The hand () function serves as a starting point for the tutorial. He verifies that our Gemini API key is defined, loads and explores the Titanic data set and initializes the conversational pandas agent. He then sequentially performs basic, advanced, multi-dataframa and personalized analysis demos. Finally, it envelops the entire workflow in a test block / except to catch and report any error before reporting the success of the completion.

df = pd.read_csv("https://raw.githubusercontent.com/pandas-dev/pandas/main/doc/data/titanic.csv")
agent = setup_gemini_agent(df)


agent.invoke("What factors most strongly predicted survival?")
agent.invoke("Create a detailed survival analysis by port of embarkation")
agent.invoke("Find any interesting anomalies or outliers in the data")

Finally, we directly load the Titanic data, instance our agent Pandas powered by Gemini and draw three unique requests. We identify key survivors, decompos survival by the port of boarding and discover anomalies or aberrant values. We carry out all this without modifying any of our demonstration functions.

In conclusion, the combination of pandas with Gemini via a Langchain data agent transforms the exploration of data from the writing of Passe-Partout into clear requests and natural language. Whether we calculate summary statistics, create personalized risk scores, comparing several data -dataframas or drilling in nuanced survival analyzes, the transformation is obvious. With only a few configuration lines, we get an interactive analysis assistant that can adapt to new questions on the fly. It can surface hidden patterns and speed up our workflow.


Discover the Notebook. All the merit of this research goes to researchers in this project. Also, don't hesitate to follow us Twitter And don't forget to join our 99K + ML Subreddit and subscribe to Our newsletter.
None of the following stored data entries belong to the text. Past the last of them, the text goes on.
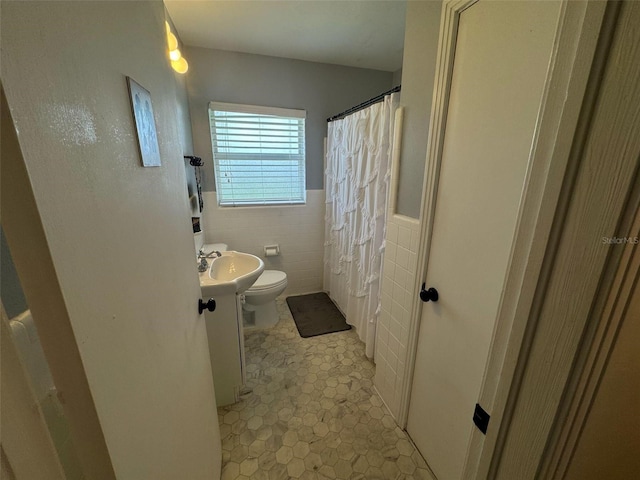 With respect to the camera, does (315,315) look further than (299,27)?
Yes

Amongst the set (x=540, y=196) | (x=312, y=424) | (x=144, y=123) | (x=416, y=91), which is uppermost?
(x=416, y=91)

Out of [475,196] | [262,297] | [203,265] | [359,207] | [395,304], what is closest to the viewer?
[475,196]

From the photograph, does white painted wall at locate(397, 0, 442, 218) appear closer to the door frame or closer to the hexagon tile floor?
the door frame

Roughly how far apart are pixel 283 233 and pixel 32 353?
242cm

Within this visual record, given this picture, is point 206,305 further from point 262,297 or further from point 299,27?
point 299,27

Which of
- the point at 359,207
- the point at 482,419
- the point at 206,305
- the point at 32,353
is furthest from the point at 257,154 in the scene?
the point at 482,419

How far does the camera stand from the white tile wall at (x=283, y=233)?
2.58m

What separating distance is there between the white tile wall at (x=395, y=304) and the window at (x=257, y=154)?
5.00 feet

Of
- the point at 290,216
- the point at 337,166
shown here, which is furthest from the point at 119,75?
the point at 290,216

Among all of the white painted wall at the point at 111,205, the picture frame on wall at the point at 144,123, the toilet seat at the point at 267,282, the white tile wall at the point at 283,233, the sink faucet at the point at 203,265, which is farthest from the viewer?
the white tile wall at the point at 283,233

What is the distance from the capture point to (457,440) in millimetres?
1099

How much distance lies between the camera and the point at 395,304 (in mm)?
1479

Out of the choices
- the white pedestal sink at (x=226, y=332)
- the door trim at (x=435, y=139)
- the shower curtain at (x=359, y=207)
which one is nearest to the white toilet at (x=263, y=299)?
the white pedestal sink at (x=226, y=332)

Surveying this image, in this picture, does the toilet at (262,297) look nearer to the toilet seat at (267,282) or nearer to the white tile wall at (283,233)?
the toilet seat at (267,282) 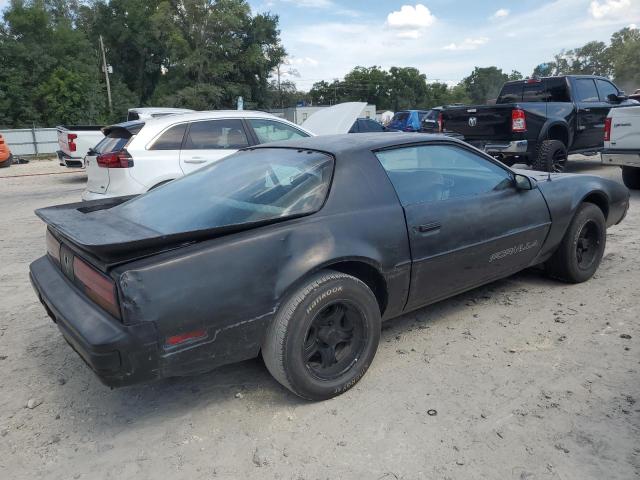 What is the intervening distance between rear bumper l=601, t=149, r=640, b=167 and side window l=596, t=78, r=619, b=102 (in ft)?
11.0

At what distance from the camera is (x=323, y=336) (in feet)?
9.21

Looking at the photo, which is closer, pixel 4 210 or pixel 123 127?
pixel 123 127

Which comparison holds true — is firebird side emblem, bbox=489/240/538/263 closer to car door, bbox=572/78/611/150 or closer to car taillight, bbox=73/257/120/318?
car taillight, bbox=73/257/120/318

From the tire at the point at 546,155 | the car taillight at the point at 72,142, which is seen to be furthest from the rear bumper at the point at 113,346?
the car taillight at the point at 72,142

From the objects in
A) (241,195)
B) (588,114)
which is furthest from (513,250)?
(588,114)

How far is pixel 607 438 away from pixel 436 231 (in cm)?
→ 145

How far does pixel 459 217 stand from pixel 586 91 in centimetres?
889

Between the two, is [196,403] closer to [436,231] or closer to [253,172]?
[253,172]

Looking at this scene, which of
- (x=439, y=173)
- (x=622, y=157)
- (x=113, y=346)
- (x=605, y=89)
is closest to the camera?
(x=113, y=346)

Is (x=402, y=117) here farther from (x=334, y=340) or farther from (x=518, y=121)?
(x=334, y=340)

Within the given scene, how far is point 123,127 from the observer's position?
6.32 meters

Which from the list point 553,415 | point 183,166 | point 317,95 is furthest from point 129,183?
point 317,95

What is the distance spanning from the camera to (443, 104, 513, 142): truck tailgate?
908 cm

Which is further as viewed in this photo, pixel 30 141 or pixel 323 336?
pixel 30 141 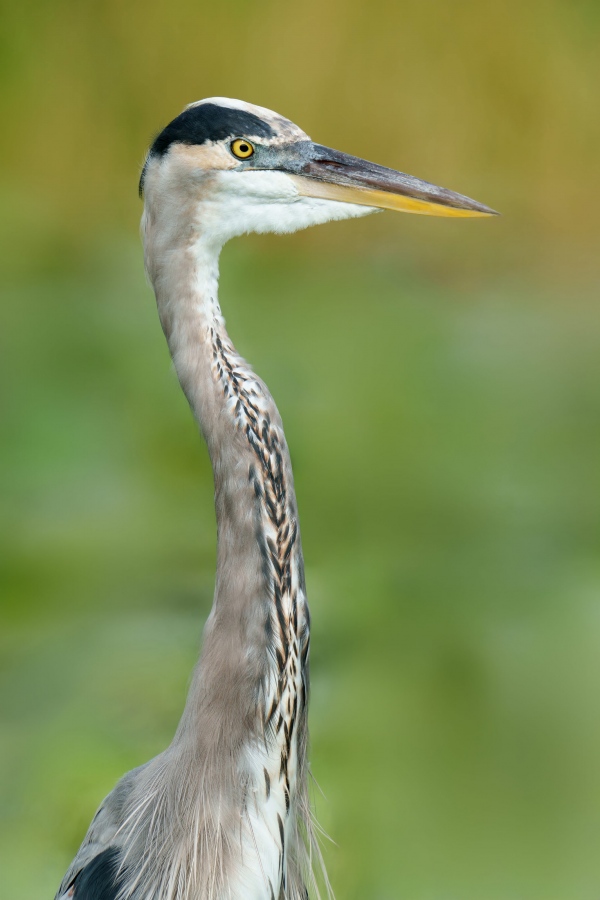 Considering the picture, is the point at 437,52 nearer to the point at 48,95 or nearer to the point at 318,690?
the point at 48,95

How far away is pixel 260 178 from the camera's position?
1.06 m

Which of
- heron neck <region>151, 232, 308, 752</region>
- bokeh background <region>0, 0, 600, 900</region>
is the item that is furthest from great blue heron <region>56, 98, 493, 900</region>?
bokeh background <region>0, 0, 600, 900</region>

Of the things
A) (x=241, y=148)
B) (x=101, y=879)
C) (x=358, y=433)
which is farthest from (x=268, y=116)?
(x=358, y=433)

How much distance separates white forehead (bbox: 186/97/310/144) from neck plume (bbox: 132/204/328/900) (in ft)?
0.43

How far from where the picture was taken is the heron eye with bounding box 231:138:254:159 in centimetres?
105

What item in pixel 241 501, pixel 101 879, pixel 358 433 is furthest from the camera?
pixel 358 433

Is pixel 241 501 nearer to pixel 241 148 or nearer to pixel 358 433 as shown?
pixel 241 148

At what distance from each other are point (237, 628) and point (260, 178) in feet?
1.46

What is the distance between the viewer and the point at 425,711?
6.50 ft

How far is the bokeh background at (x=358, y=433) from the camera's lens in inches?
72.1

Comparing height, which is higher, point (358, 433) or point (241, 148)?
point (358, 433)

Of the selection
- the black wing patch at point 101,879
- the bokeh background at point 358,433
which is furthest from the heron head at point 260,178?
the bokeh background at point 358,433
Asif Razzaq is the CEO of Marktechpost Media Inc .. as a visionary entrepreneur and engineer, AIF undertakes to exploit the potential of artificial intelligence for social good. His most recent company is the launch of an artificial intelligence media platform, Marktechpost, which stands out from its in-depth coverage of automatic learning and in-depth learning news which are both technically solid and easily understandable by a large audience. The platform has more than 2 million monthly views, illustrating its popularity with the public.

Leave a Comment

This site uses Akismet to reduce spam. Learn how your comment data is processed.